▶ [TASK PROMPT] Reproduce word for word the line holding "thumbnail image 5" and all lines after it in the data, through the end, leaving out pictures.

▶ [DATA FOR PROCESSING]
————————

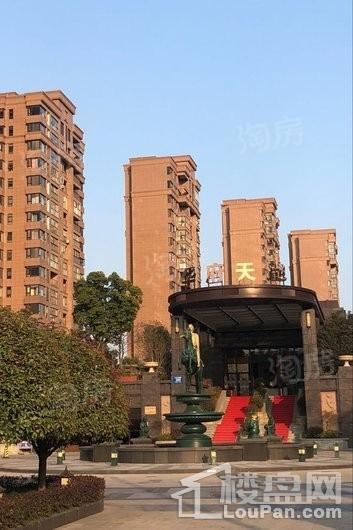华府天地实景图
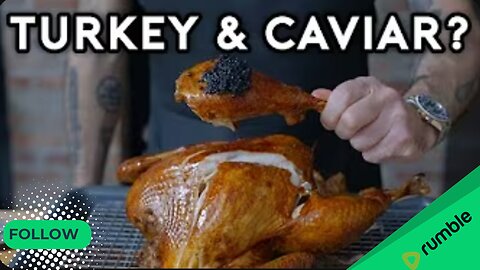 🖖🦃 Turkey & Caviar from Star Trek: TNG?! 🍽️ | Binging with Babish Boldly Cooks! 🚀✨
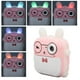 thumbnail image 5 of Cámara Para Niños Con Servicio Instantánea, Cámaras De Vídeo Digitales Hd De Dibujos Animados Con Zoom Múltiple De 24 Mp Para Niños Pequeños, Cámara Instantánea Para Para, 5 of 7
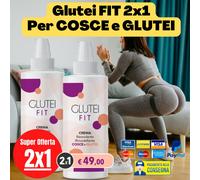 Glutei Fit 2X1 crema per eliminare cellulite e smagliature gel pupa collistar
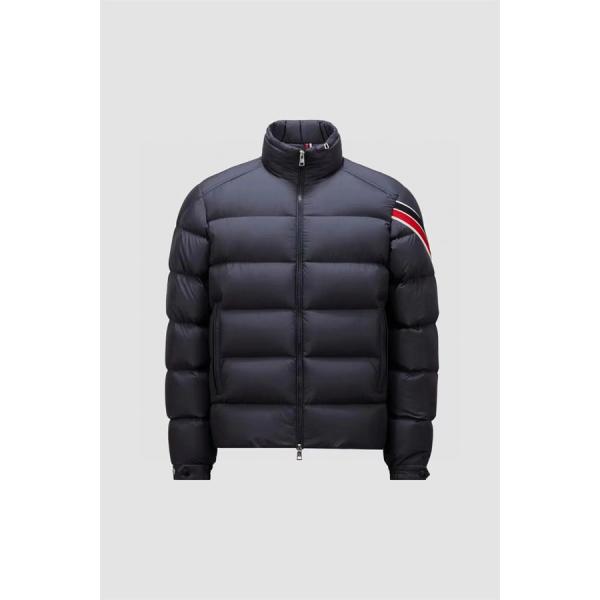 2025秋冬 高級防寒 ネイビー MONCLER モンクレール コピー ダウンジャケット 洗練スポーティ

————————

▶ [TASK SOLUTION]
 thumbnail image 5 of Cámara Para Niños Con Servicio Instantánea, Cámaras De Vídeo Digitales Hd De Dibujos Animados Con Zoom Múltiple De 24 Mp Para Niños Pequeños, Cámara Instantánea Para Para, 5 of 7
 Glutei Fit 2X1 crema per eliminare cellulite e smagliature gel pupa collistar
 2025秋冬 高級防寒 ネイビー MONCLER モンクレール コピー ダウンジャケット 洗練スポーティ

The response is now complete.